Childrens’ schedules are oftentimes more hectic than their parents’. In my hometown of Columbus, Ga., it is rare to see a young girl, age 5-18, who is not involved in competitive cheerleading. There are about five cheerleading gyms in a city of about 200,000 people, and all are filled to capacity with young girls practicing this sport. It is completely normal to see 8 year-old girls practicing their tumbling and pouring sweat until 9 p.m. until they get it exactly right. When I was 8, I was definitely in my bed at 9 p.m. dreaming about some far off land. I certainly was not worried about the perfection of my back-handspring.
Some of the girls enjoy all aspects; however, it is clear while sitting among “cheer moms” and watching the practices that this activity is forced upon them. Columbia University student, Nick Summers, was completely accurate when he stated in the report that this generation “tends to be very over-achieving (and) over-managed.”
Perhaps it is the baby boomers’ fault that we are all very goal-oriented and always striving to accomplish anything and everything we set our minds to.
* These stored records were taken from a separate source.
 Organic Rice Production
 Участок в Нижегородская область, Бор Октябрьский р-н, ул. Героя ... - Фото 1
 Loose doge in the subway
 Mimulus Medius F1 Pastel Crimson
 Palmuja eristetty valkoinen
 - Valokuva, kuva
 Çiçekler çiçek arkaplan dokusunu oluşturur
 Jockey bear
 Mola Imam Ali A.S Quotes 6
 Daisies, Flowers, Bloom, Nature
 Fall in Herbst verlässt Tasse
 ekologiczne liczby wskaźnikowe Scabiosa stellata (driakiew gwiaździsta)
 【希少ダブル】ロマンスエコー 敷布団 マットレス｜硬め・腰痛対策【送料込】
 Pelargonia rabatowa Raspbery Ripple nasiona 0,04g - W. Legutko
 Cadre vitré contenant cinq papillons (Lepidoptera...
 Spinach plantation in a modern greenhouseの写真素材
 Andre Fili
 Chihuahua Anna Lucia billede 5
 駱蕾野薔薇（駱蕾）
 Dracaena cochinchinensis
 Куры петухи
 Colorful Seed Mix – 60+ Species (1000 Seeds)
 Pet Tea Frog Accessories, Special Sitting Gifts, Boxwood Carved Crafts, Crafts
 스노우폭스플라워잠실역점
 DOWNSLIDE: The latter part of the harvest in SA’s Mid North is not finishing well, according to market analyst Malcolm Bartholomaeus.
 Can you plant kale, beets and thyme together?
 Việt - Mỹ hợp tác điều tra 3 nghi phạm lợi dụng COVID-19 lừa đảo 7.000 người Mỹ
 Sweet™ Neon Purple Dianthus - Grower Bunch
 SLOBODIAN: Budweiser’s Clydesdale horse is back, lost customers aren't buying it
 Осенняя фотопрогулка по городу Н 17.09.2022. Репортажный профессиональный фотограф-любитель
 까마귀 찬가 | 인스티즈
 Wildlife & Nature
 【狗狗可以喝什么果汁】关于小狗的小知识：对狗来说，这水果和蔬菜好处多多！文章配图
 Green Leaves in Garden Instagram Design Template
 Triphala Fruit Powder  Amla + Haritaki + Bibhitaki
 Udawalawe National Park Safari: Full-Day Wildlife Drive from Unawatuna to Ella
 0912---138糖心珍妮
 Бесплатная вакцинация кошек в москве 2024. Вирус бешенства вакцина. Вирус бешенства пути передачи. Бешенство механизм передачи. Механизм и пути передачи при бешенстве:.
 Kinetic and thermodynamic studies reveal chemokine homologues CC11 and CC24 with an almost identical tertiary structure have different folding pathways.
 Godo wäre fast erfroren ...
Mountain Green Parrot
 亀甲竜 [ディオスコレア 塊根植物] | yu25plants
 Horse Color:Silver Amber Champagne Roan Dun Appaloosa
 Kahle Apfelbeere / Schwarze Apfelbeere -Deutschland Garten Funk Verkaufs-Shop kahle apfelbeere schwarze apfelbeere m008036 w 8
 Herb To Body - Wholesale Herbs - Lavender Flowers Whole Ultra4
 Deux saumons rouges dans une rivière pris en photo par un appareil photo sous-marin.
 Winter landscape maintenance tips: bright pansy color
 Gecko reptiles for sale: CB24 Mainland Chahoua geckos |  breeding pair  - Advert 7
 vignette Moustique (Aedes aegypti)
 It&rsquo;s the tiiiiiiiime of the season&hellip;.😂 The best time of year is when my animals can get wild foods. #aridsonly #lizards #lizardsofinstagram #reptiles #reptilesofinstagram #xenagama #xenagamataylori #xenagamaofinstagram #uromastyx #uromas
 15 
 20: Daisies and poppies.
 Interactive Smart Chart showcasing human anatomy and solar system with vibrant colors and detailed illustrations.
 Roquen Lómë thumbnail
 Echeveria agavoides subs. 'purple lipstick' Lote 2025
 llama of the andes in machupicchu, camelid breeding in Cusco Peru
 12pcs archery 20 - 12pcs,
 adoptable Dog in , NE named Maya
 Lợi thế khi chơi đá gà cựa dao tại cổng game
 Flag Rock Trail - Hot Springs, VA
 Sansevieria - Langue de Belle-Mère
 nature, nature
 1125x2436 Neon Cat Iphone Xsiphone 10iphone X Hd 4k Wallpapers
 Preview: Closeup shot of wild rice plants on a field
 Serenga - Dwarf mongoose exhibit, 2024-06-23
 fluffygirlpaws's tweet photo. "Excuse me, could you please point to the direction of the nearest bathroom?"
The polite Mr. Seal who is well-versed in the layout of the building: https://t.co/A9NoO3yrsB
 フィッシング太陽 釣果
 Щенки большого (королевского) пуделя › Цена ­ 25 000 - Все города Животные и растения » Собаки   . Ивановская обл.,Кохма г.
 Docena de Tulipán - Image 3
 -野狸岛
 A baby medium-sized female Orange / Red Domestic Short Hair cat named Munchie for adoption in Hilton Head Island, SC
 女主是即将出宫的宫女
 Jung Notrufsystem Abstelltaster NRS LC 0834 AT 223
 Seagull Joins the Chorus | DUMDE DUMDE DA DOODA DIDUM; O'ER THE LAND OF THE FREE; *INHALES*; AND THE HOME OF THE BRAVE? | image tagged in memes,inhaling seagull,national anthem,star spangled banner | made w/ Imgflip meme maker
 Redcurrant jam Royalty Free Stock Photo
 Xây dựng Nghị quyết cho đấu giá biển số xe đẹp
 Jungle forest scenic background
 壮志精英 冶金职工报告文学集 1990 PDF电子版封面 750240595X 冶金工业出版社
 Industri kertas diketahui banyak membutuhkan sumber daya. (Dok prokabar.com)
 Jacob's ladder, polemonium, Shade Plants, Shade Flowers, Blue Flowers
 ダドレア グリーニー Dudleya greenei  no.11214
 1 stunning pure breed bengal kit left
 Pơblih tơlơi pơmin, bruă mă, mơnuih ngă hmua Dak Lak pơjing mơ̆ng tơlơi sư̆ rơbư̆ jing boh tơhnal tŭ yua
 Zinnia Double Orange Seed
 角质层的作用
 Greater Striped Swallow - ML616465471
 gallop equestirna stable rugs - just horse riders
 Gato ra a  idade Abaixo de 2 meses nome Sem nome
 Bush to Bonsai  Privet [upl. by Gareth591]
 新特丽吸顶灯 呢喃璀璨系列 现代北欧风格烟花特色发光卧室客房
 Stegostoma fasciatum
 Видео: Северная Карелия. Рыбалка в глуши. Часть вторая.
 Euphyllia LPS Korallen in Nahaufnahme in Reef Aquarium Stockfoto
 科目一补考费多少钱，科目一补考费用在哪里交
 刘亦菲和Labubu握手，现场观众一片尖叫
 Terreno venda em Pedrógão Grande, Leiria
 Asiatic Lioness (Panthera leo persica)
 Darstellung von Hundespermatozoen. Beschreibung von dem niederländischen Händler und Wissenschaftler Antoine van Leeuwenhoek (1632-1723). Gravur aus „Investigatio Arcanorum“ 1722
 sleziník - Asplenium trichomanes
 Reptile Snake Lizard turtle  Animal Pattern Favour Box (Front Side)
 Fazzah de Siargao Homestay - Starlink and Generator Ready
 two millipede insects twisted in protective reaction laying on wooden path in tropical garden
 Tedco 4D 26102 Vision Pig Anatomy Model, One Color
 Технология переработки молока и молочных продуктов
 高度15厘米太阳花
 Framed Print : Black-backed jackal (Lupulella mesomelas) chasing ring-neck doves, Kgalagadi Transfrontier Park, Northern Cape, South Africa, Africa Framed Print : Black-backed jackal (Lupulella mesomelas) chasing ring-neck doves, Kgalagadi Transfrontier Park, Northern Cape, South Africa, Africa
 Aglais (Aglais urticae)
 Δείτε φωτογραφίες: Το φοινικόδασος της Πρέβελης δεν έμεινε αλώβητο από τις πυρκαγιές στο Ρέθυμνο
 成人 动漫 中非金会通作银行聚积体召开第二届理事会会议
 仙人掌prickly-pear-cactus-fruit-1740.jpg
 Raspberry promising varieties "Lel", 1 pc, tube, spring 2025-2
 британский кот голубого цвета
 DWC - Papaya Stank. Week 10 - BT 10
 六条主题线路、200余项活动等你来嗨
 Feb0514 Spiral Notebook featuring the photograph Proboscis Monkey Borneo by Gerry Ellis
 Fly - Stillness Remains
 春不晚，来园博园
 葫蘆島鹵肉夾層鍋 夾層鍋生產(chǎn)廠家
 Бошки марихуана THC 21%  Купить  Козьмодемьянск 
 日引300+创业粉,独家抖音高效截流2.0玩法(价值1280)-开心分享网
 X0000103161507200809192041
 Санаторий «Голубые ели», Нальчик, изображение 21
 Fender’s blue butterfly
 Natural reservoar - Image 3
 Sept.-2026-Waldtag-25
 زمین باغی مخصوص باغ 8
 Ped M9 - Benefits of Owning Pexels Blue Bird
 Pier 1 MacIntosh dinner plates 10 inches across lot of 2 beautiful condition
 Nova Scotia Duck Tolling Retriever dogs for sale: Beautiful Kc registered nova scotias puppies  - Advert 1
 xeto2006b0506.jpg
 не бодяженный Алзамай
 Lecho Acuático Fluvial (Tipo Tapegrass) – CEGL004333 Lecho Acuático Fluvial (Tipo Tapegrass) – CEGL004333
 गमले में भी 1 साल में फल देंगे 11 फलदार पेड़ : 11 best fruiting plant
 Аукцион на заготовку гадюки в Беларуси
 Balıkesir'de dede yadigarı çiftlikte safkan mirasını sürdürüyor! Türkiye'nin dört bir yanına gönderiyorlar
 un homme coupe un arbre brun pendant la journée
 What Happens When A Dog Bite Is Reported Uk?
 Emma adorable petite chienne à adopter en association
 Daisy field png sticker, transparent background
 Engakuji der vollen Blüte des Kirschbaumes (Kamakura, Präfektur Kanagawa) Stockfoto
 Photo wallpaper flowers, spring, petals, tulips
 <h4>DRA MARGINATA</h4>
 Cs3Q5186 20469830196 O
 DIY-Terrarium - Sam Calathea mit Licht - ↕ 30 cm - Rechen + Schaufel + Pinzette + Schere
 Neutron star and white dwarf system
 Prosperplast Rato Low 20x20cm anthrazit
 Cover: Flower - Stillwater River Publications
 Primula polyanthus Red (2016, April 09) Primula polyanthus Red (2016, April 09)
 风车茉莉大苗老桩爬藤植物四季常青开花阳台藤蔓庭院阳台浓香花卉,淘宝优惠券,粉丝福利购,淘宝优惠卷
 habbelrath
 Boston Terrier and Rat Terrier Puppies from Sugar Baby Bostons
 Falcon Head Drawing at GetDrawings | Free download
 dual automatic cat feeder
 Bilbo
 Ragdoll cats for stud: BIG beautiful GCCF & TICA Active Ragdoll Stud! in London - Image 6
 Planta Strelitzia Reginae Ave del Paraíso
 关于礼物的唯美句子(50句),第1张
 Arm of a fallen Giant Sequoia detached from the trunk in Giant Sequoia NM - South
Our parents want us to be the very best we can be and we were trained at such a young age to do so, that it is now brainwashed in our heads. The thought of quitting college or never attending in the first place is nonexistent in my brain.
However, I was raised in a household, which consisted of parents lacking college degrees. Although they happen to be very successful now, they always planted in my head the importance of furthering my education. In today’s society, it would be nearly impossible to get a job without a college degree and it scares our generation to think of having to demean ourselves with a low-paying job.
We are, in fact, so used to spending our money and our parents’ money on “goodies” such as clothing, music, and technology that we become petrified to think of the day when we are on our own, supporting ourselves and facing the possibility that all of our luxuries that we are used to may not exist for us anymore, due to our empty wallets. It is true to claim that the echo generation is a thirsty one, but it must be recognized that this is something that cannot be helped. It is the way we are brought up by our baby-boomer parents.
Our grandparents were not able to provide our parents with as many luxuries as they might have wished due to the rough times at hand. They had to go through a depression as well as several wars, making their economical lives quite stressful. Our parents can remember such times and do not want us to know or feel what this is like. It seems as though we were brought up in such a way because our parents want us to have everything that they did not have in order to better our lives.
Perhaps the reason the baby boomers were known as rebels is because they did not have much to occupy their free time. We “echoers”, on the other hand, have too much to do in our free time. In fact it is actually rare that we do have time to ourselves to be young and free like our parents once were.